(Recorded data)
- - - - - - -

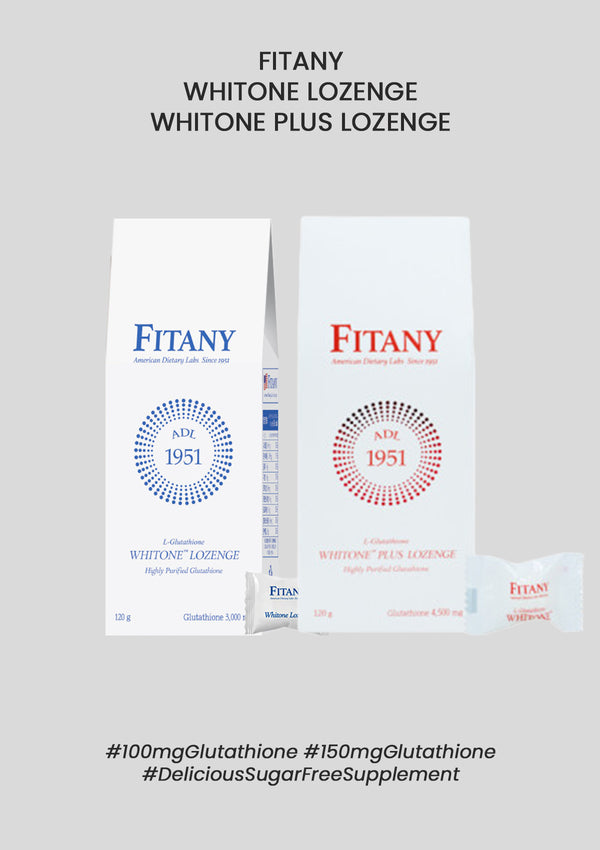 [FITANY] Whitone Lozenge | Whitone Plus Lozenge (1 Box = 4g x 30pcs)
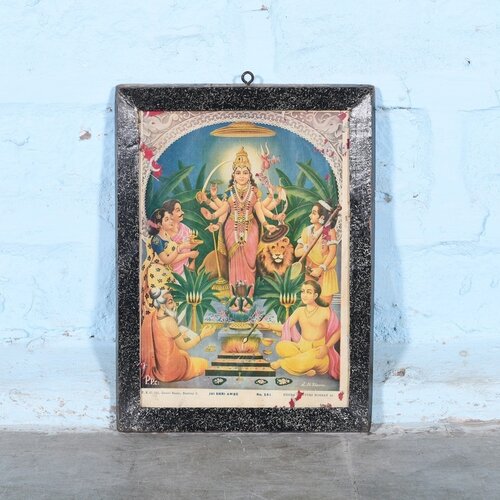 Vintage Hindu poster 25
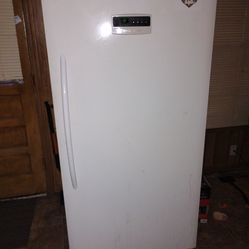 Frigidaire 20.5 cubic foot upright deep freezer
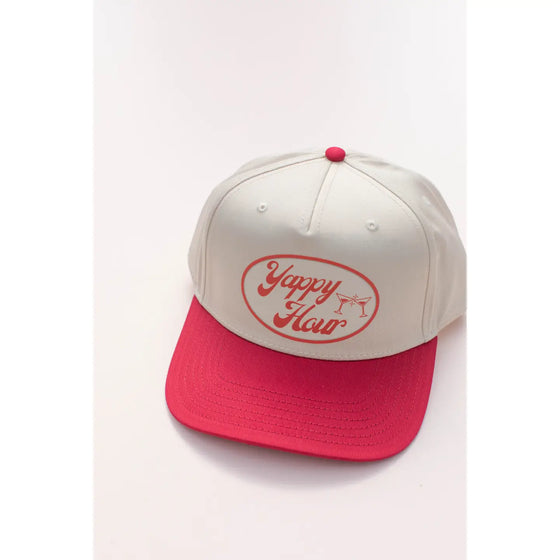 Della Yappy Hour Hat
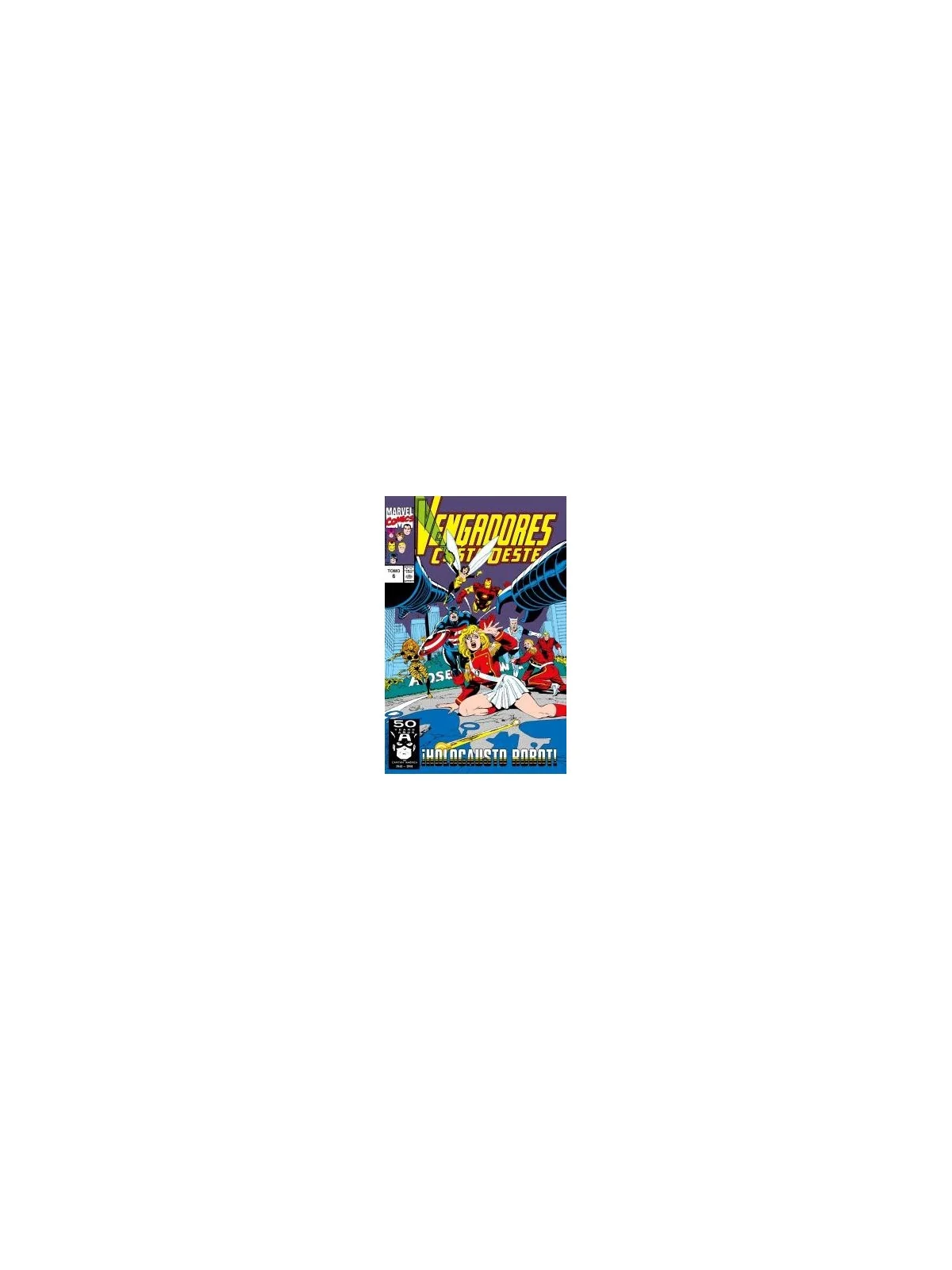 Mavel Limted Edition: Los Vengadores Costa Oeste 06 de Panini Comics en Cómics Americano | La Cueva Roja
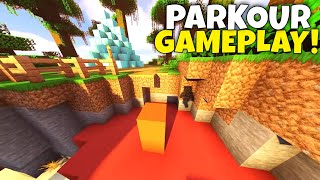 13 Minutes Minecraft Parkour Gameplay Free to Use Map Download [upl. by Anait]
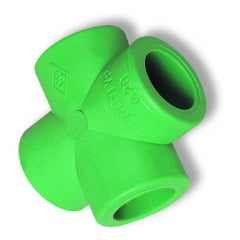 PPR хрестовина PN20 GreenLife Ø20 (PipeLife) Жмеринка
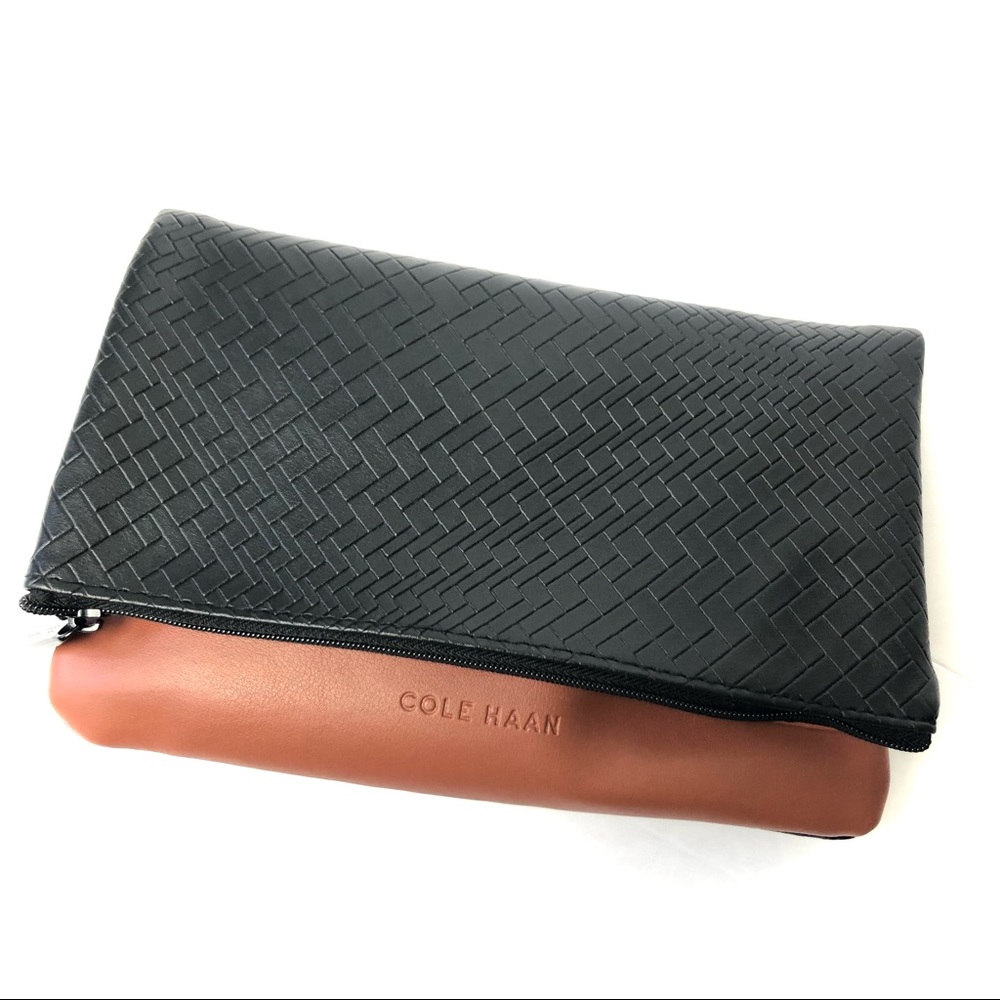 Cole Haan x American Airlines Foldover Zipper Pouch.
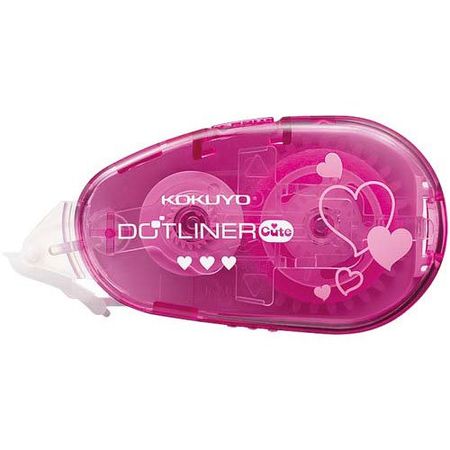KOKUYO 膠帶式點點黏著劑〈Dot Liner Cute〉（主體）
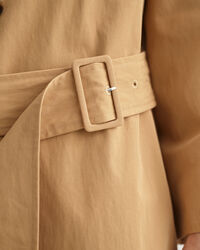 Kurzmantel aus Baumwollmischung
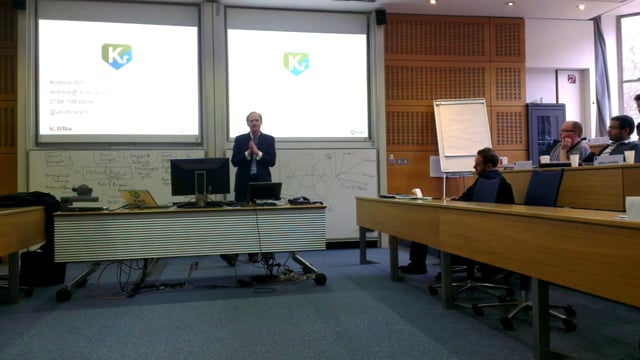 London Business School Andrew Grill guest lecture 1st March 2013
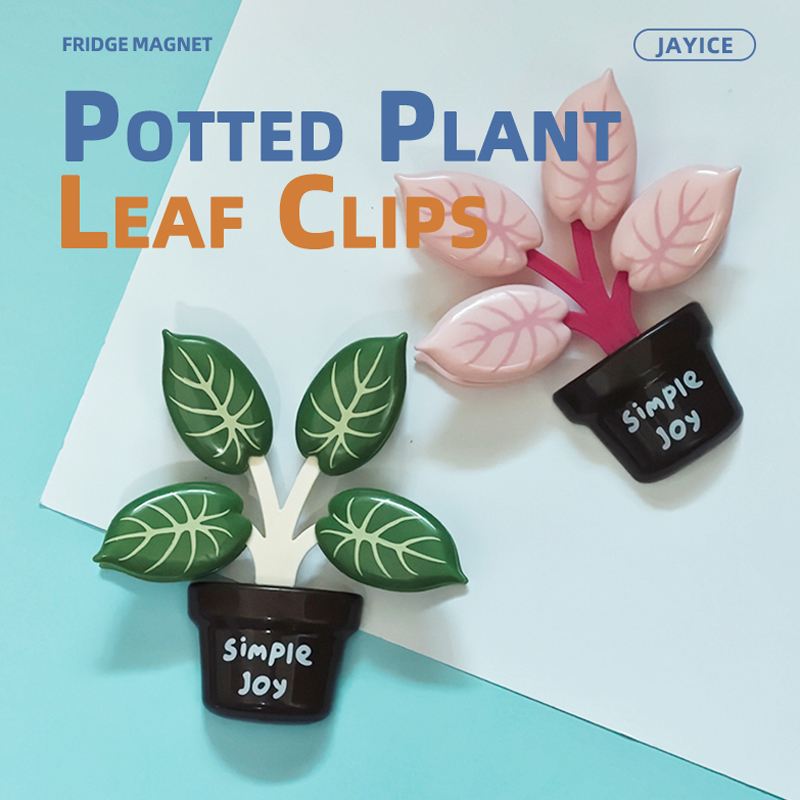 2 sets Magnetic Potted Plant B - огляд і ціна Paperclip Magnetic Set
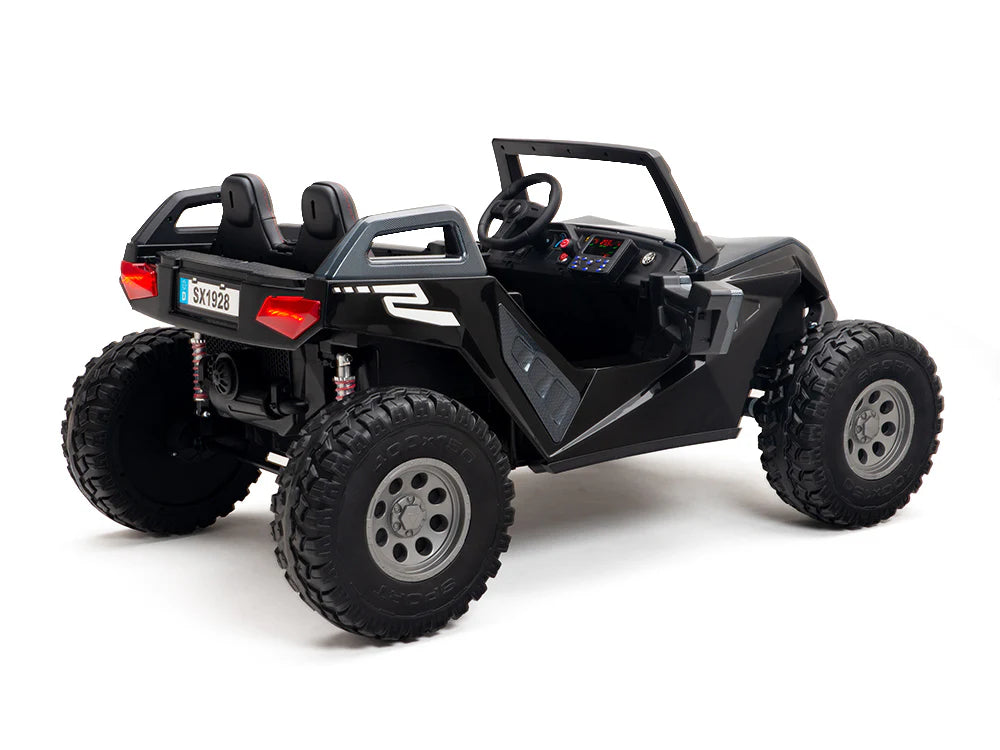 UTV Ride On Kids Buggy In Black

- - - - - - -

# Exercise goal
What's needed is an exact copy of the records above from the line containing "Vintage Hindu poster 25" down to the line containing "London Business School", both included, without any pictures.

# Output below
 Vintage Hindu poster 25
 Frigidaire 20.5 cubic foot upright deep freezer
 Della Yappy Hour Hat
 Mavel Limted Edition: Los Vengadores Costa Oeste 06 de Panini Comics en Cómics Americano | La Cueva Roja
 13 Minutes Minecraft Parkour Gameplay Free to Use Map Download [upl. by Anait]
 PPR хрестовина PN20 GreenLife Ø20 (PipeLife) Жмеринка
 Cole Haan x American Airlines Foldover Zipper Pouch.
KOKUYO 膠帶式點點黏著劑〈Dot Liner Cute〉（主體）
 Kurzmantel aus Baumwollmischung
 London Business School Andrew Grill guest lecture 1st March 2013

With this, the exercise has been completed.